Since Atoma’s network operates in a trustless environment where anyone can participate, it needs to be able to weed out bad actors. It does this using a reputation system and staking.

When mainnet is live, nodes will stake tokens as collateral, and those who underperform or act maliciously are penalised. High-reputation nodes get first dibs on the most lucrative tasks, aligning incentives to keep the network running smoothly.

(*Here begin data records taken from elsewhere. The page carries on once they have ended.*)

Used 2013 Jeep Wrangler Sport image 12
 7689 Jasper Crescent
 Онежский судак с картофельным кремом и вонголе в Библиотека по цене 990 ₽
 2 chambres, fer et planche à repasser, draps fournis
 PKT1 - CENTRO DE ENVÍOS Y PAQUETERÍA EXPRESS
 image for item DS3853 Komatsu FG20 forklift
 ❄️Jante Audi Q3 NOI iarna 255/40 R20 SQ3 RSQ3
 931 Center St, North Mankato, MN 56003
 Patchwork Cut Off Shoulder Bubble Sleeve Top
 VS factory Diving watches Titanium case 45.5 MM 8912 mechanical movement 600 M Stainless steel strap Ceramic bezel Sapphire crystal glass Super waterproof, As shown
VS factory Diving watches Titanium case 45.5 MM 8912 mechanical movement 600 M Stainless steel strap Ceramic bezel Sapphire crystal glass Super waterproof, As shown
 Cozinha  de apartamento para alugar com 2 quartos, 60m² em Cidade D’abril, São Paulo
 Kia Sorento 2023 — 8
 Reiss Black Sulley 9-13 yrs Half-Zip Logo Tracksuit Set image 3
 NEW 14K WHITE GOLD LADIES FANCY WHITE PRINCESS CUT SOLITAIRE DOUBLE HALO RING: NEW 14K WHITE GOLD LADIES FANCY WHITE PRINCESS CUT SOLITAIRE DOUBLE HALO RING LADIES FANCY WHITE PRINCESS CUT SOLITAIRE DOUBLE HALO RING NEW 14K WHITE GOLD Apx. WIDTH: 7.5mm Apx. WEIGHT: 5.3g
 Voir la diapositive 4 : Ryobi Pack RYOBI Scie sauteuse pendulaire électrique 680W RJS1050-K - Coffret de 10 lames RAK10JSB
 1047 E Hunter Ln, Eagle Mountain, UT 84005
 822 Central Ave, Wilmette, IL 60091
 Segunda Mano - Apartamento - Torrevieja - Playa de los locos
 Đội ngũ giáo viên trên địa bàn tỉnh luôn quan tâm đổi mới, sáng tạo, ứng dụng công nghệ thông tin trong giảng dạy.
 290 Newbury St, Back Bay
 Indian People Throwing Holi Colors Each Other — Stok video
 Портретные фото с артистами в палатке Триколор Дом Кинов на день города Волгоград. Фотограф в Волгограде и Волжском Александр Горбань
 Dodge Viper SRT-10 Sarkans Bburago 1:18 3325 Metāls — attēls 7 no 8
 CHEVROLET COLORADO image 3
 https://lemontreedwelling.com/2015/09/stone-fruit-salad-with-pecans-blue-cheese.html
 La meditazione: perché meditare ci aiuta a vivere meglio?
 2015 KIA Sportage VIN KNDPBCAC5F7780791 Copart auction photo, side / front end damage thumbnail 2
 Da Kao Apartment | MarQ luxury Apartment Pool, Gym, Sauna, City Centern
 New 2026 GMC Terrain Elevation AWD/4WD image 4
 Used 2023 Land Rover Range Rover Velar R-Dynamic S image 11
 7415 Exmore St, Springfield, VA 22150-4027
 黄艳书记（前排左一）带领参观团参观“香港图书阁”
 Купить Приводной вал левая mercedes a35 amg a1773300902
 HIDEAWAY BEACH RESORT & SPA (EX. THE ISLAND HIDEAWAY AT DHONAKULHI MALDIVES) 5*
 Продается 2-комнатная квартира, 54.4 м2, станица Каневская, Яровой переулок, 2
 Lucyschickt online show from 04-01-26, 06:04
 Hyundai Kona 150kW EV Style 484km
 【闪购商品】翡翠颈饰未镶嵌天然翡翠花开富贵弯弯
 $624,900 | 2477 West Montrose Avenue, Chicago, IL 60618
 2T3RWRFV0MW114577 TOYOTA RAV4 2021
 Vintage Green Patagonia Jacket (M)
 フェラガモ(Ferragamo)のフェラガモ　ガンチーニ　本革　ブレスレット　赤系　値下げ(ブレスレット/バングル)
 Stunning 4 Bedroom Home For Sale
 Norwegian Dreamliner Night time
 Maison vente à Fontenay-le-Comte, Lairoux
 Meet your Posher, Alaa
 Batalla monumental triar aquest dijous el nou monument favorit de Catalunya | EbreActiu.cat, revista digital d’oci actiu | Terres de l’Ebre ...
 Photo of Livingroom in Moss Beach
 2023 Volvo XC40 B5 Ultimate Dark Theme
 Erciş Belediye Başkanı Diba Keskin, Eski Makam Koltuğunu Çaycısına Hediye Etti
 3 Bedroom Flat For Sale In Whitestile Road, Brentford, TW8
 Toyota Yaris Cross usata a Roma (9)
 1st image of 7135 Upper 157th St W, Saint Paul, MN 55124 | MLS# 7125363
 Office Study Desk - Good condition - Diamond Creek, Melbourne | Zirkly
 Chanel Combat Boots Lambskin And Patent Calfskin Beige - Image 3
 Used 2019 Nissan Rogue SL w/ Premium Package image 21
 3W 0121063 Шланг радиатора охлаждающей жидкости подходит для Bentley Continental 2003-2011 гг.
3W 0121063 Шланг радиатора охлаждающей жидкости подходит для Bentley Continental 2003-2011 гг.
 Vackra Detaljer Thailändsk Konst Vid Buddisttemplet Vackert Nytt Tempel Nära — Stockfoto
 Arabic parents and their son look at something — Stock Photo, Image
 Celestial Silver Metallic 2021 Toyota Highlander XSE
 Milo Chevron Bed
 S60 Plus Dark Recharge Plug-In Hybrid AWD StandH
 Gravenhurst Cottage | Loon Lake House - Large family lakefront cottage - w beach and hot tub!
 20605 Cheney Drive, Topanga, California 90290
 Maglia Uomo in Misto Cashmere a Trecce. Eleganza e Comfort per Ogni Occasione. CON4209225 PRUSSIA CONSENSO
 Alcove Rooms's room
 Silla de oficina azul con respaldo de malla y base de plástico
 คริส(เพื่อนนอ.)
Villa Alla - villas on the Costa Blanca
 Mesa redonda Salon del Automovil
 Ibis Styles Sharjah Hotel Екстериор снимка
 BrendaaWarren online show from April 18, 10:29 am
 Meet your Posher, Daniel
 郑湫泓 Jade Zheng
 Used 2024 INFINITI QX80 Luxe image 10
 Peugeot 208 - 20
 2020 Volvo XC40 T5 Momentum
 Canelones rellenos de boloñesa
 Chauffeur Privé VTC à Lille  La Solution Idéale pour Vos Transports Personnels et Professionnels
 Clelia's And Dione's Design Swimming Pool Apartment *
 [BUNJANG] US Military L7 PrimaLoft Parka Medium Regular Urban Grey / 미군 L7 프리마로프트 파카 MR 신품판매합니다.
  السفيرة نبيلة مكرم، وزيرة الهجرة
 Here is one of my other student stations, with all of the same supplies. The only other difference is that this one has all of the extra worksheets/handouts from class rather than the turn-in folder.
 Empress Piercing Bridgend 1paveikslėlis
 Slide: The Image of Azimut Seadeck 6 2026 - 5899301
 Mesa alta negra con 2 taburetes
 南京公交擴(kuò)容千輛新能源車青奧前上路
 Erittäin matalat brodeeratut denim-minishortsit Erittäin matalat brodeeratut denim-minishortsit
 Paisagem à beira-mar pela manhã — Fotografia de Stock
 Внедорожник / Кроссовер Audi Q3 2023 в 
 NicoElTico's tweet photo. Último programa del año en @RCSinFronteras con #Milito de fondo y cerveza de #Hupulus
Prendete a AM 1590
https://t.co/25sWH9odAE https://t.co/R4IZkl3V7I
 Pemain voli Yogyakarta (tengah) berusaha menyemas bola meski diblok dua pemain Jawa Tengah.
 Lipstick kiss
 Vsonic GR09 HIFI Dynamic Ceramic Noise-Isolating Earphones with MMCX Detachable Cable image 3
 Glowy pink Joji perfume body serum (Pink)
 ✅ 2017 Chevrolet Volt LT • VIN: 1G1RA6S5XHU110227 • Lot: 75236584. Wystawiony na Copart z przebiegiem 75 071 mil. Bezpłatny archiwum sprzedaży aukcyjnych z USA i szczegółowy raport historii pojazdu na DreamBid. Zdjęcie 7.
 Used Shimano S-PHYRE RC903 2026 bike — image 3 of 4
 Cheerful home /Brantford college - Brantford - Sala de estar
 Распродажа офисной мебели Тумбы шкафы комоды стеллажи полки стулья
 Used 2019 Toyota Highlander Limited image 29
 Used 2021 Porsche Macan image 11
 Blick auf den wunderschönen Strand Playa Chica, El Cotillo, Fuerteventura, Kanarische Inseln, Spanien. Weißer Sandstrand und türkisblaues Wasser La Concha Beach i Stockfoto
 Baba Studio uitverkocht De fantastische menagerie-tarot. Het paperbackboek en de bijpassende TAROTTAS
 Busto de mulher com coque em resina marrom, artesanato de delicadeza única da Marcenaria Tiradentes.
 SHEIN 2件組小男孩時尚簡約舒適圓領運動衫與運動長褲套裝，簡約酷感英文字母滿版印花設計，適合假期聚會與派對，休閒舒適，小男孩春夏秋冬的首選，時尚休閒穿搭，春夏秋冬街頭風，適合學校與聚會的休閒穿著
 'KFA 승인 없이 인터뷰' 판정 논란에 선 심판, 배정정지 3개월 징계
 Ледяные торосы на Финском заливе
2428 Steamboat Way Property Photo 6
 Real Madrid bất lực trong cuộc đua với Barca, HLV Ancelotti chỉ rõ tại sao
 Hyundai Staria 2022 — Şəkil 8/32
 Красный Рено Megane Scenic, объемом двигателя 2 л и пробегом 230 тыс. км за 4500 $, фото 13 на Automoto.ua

Node operators who want to join Atoma stake tokens and register on the network. If they misbehave—provide false outputs, go offline for days, or run the wrong model—they can get slashed (lose part or all of their token collateral). This creates strong economic incentives: run your node honestly, or you lose money.

Why stake collateral? Because cheating can pay. For example, a node might run a smaller model to collect the same fees with a fraction of the GPU cost. But if they’re caught—thanks to random sampling or a user-initiated dispute—they lose their stake. Over time, no rational node wants to take that gamble.

AI Model Subscriptions

Atoma is model-agnostic. That means it can run everything from small stable diffusion image models, to 70B LLMs, to the latest 671B DeepSeek R1.

When a node wants to serve a specific model, it subscribes to that model in Atoma’s on-chain registry, claiming the GPU specs needed (e.g., “I run 4 × A100 GPUs, 80GB each”). The node also downloads the required model weights and checks its Merkle root hash to confirm it has the correct version.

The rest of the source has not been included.